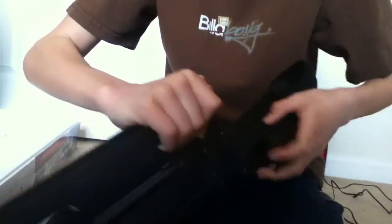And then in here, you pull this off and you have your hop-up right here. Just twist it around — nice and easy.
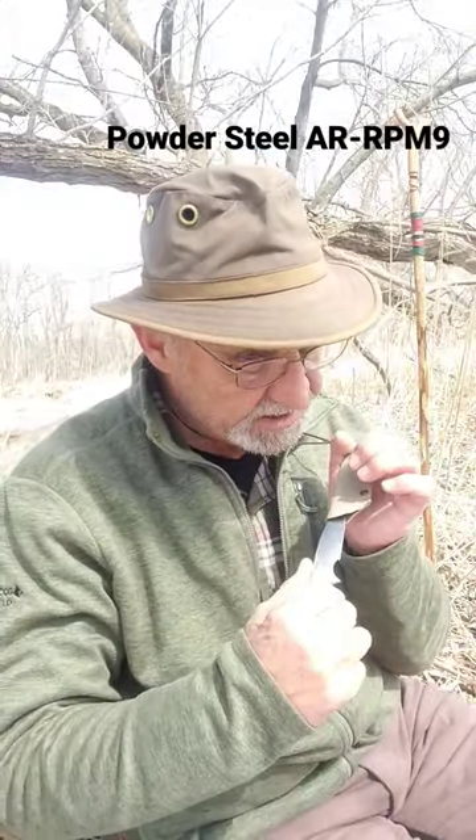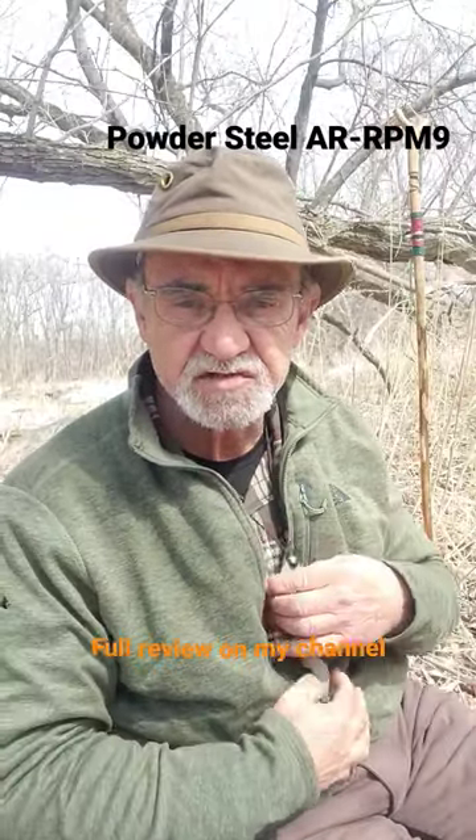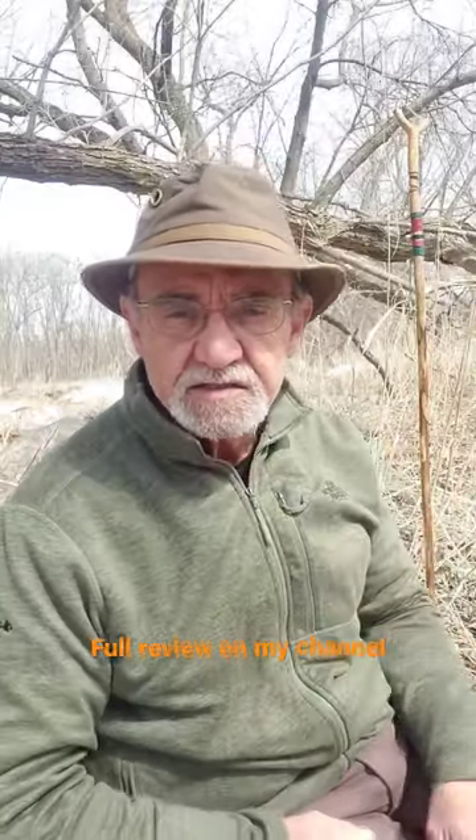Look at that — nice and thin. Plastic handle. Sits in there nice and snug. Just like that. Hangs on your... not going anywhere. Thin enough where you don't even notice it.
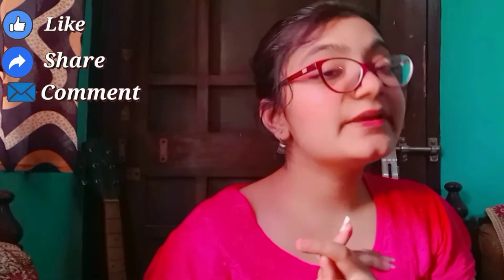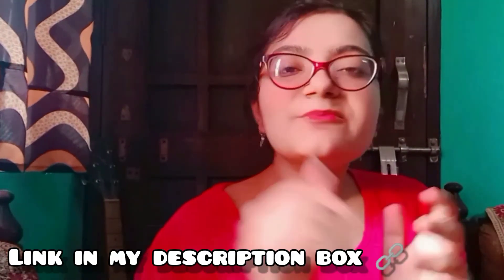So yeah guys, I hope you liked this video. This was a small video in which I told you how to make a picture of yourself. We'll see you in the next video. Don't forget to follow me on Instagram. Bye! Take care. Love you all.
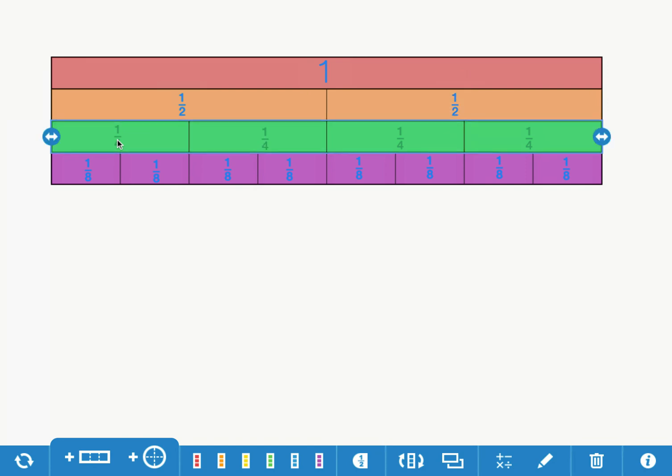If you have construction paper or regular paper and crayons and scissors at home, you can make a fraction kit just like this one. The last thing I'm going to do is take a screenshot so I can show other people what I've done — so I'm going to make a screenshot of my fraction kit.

> _WHAT TO PRODUCE_
The whole listing, minus its images, should be repeated exactly.

> _TASK SOLUTION_
And then in here, you pull this off and you have your hop-up right here. Just twist it around — nice and easy.
Look at that — nice and thin. Plastic handle. Sits in there nice and snug. Just like that. Hangs on your... not going anywhere. Thin enough where you don't even notice it.
So yeah guys, I hope you liked this video. This was a small video in which I told you how to make a picture of yourself. We'll see you in the next video. Don't forget to follow me on Instagram. Bye! Take care. Love you all.
If you have construction paper or regular paper and crayons and scissors at home, you can make a fraction kit just like this one. The last thing I'm going to do is take a screenshot so I can show other people what I've done — so I'm going to make a screenshot of my fraction kit.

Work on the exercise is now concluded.